Sunday, March 17, 2013

backing up my systems: it ain't my day (or month)

OK.  I've been in three weeks of hardware hell, mainly due to the fact that I wanted to get my backups for all my machines (a MacBook Pro, my main Linux video editing workstation and an older Windows Vista digital audio workstation (DAW)) properly backed up.  I detailed my strategy for this in my last post.  This post is more of a rant than anything else, so please excuse the lack of any real mentorship on problem solving, except maybe "Google is Your Friend."

Issue #1: Drobo runs out of space
The Drobo has been a fine unit for me.  But as time goes on, you acquire more media and your available space runs out.  You'd think it would be a simple matter of buying a new disk, putting it in the Drobo and letting the BeyondRAID rebuild it's array.  Well, the first drive I bought, a Western Digital Green 1TB, died after the first rebuild.  That never happened to me before, where a drive failed out-of-the-box for me.  Never having that problem before, I didn't truly believe it was dead.

With my non-belief firmly in place, I tried to use the drive in different capacities.  So as a test, I formatted the disk using my Thermaltake BlacX connected to my Mac.  I was able to copy files over to it (though I didn't copy gigs and gigs worth as a true test).  But when I put the unit back in the Drobo, the Drobo gave an immediate "red" light for that drive bay, indicating the drive was bad.  I switched drives in the Drobo unit around, because I thought it could have been a faulty drive bay.  

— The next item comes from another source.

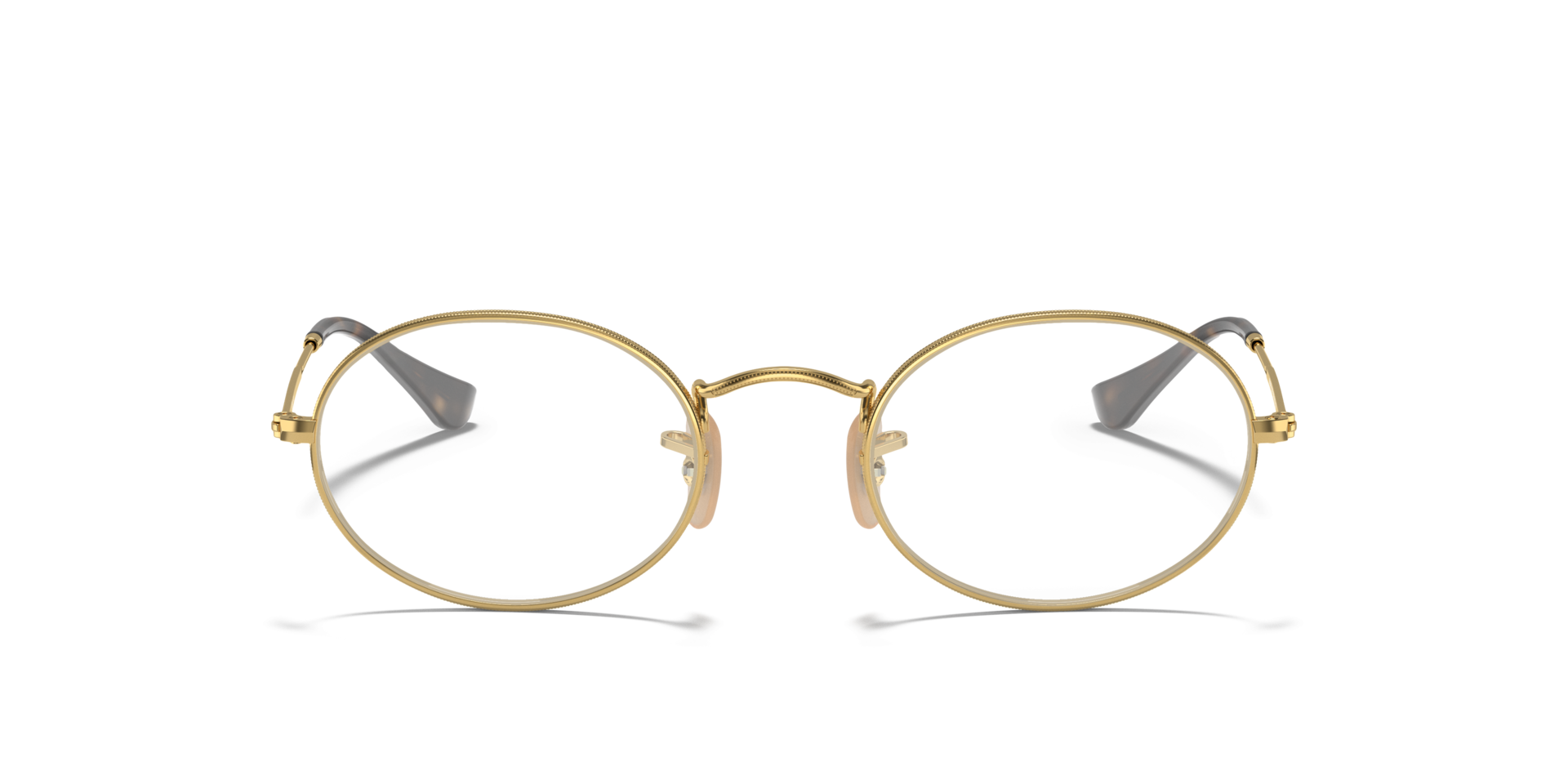 RB3547V Arista Gold MetallEyeglass Frames von B24, Vorderansicht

Then, I had the bright idea to move the data off my 2TB system drive of my main Linux machine to the new Western Digital, put the 2TB in the Drobo and use the new 1TB (which I really thought was a good, error-free drive) as my Linux system drive. So still thinking that the 1TB drive was good, I would have to do some fancy footwork in order to make this possible as the system drive was a logical volume.  This entailed a week of work to figure out how to shrink a logical volume in order to fit the used space of the 2TB drive (which was less than a terabyte) onto the 1TB.

I learned a lot from that experience, to be detailed in a later post.  Suffice it to say that in the end, the 1TB was truly dead and I ended up getting a new 1TB (a Western Digital Black) from BestBuy and that solved my Drobo storage issue.  Kudos to BestBuy, as they were able to give me the Black at the same price as the Green for my trouble.

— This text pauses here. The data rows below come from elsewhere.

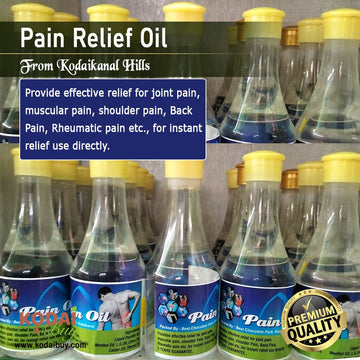 Pain Relief Oil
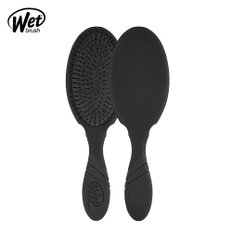 wet brush 프로 디탱글러 블랙 헤어브러쉬 드라이 빗 극손상모 두피 마사지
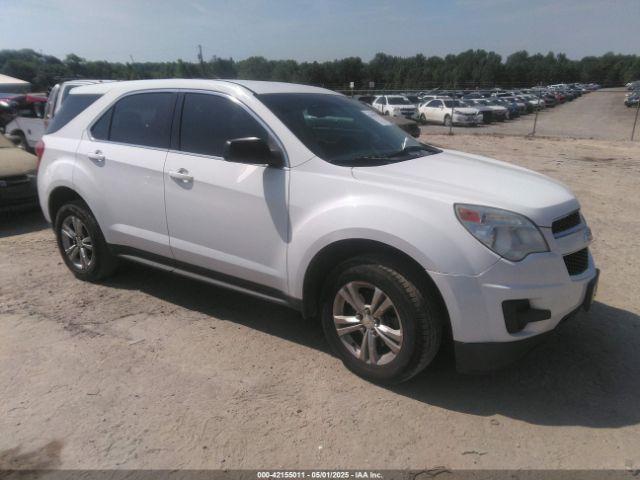  Salvage Chevrolet Equinox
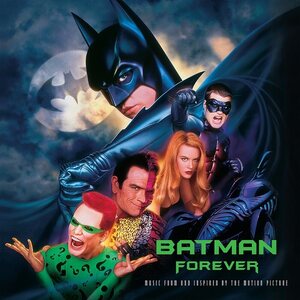 Batman Forever (Original Music From The Motion Picture) 2LP Coloured Vinyl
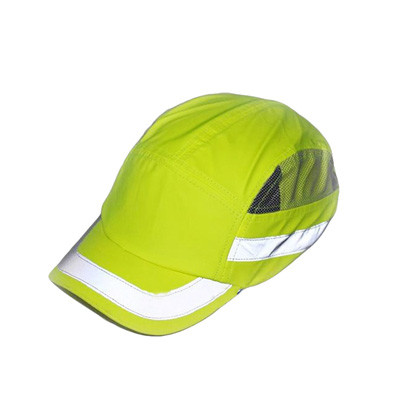 Hi-Vis Reflect Lightweight Safety Bump Hat With Insert Helmet CE EN812 factory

Issue #2: Mac Time Machine "the identity of this backup disk has changed" (Sparsebundle Problem)
This was an odd one.  After installing the new disk in the Drobo, Time Machine started showing the error "the identity of this backup disk has changed".  From the below post:

I executed the "chflags" command listed.  This ran for about four hours.  After, I tried to execute the "hdutil" command listed, but the Mac said it had already ran the command.  So testing the result of the chflags command, I shutdown and restarted the Drobo.  When Time Machine started backing up, it no longer gave me the error.  Hooray.  Another one down.

Issue #3: Windows Vista DAW crashes
So after a week spent on #1 and #2, I was ready to start work on a new musical project with some friends.  Firing up my old Dell 400SC running Windows Vista (OK, OK..I know I need to upgrade Win7, but I've got a recording session coming up soon and didn't want to change OS's yet), I was presented with this error:
c\windows\system32\config\system corrupt

Oh, wonderful.  So I popped in the Vista Ultimate DVD and selected "Repair".  After it ran, the system rebooted and I was pleasantly surprised to find that this fixed the problem and that I was able to get back into the system.

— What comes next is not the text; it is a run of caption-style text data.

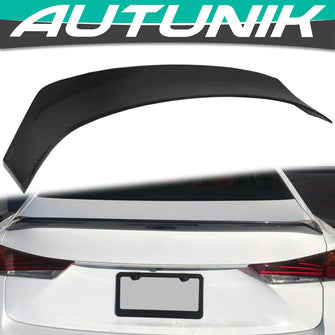 Carbon Fiber Look Rear Trunk Spoiler Wing For Lexus IS200t IS250 IS350 Sedan 2014-2020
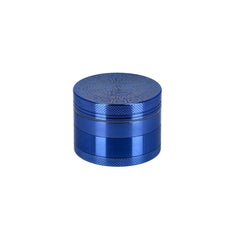 Ohia GrinderAluminium Classic Maya, blau, 4tlg.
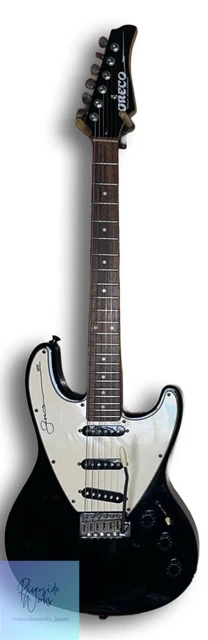 GRECO WS-40 WILD Scamper Electric Guitar #QY7BD5 $722.48 - PicClick CA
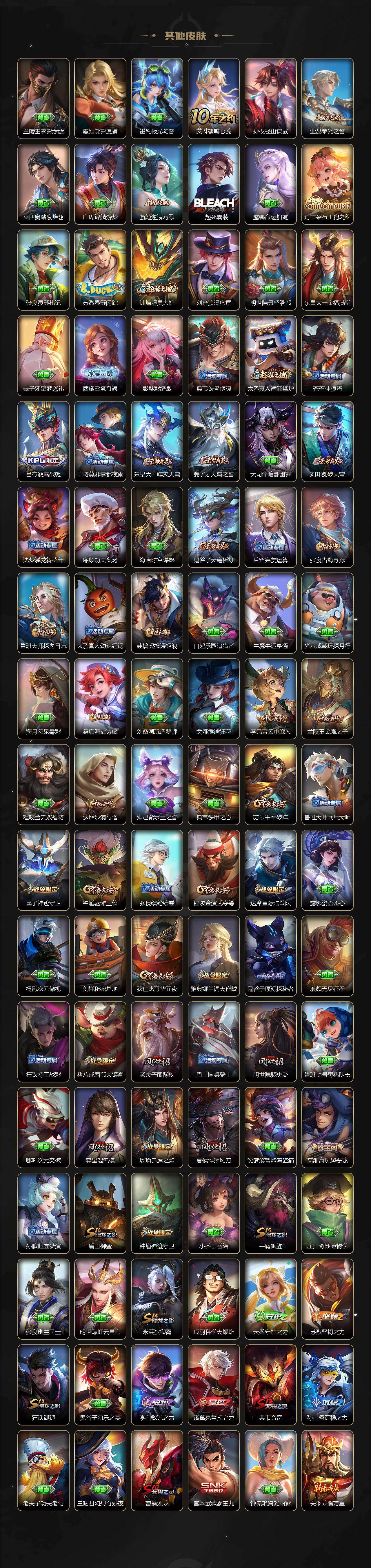 WZLX4324627王者荣耀账号详情图4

Getting back into the system, I reasoned that if the drive was going bad, I'd better make a backup.  So I ponied up $40 for Drobo's PC Backup product, the ugly step-brother of the seemless Drobo integration with Mac Time Machine.  Assuming the PC product worked the same way the Mac product did, I selected the defaults.  Well, the defaults do NOT backup the entire drive.  Only your user data.  My bad for not reading the fine print, but I believe that a Drobo product should be consistent between systems and the default should be to backup your entire drive with all system data included, as long as you have the space on your Drobo.  But that's just me.

The missing data would be crucial for what happened next.

Issue #4: Windows Vista DAW crashes again
After taking a two day hiatus from my backup shenanigans, I fired up the DAW again.  And guess what..a new error appears:
\Windows\system32\winload.exe is missing or corrupt (status 0xc000000f)

Oh great.  Going back to my ritual, I loaded in the Vista Ultimate DVD and selected "Repair".  However, after the reboot, no go..still the same "missing or corrupt" error.  I tried a number of times doing the repair, as the Vista repair process would show slightly different screens every time it booted and recognized the system.  This gave me false hope that the DVD was actually repairing something correctly.  Also, the frustrating part of this process that for whatever reason, the DVD would take 10 minutes to load on my Dell.  I'm not sure what the problem was there.  So I chewed up a few hours doing this multiple times.  

Finally, after reading some Google posts by people with the same issue, I decided to run "chkdsk /r" from the command line, rather than relying on the non-informative Windows Vista screen to run some unknown fix command.  I had to specifically boot into the System Recovery Options screen as shown in the below post:

Once I was there, I selected "Command Prompt" and typed in good ol' "chkdsk /r", the "repair" option to chkdsk.  This time, I was rewarded with an actual status screen that told me "bad clusters found", Windows was marking the clusters as bad and was moving the files located on those clusters to good sectors on the disk.  (Sectors and cluster primer here: http://t.co/DLFjrXAp5C).  This process took about three hours, unlike the half-hearted effort that Windows Vista attempted.  I wonder why Vista did not default to doing a real "chkdsk /r".  That doesn't help anyone who has a failing disk.  Bad default!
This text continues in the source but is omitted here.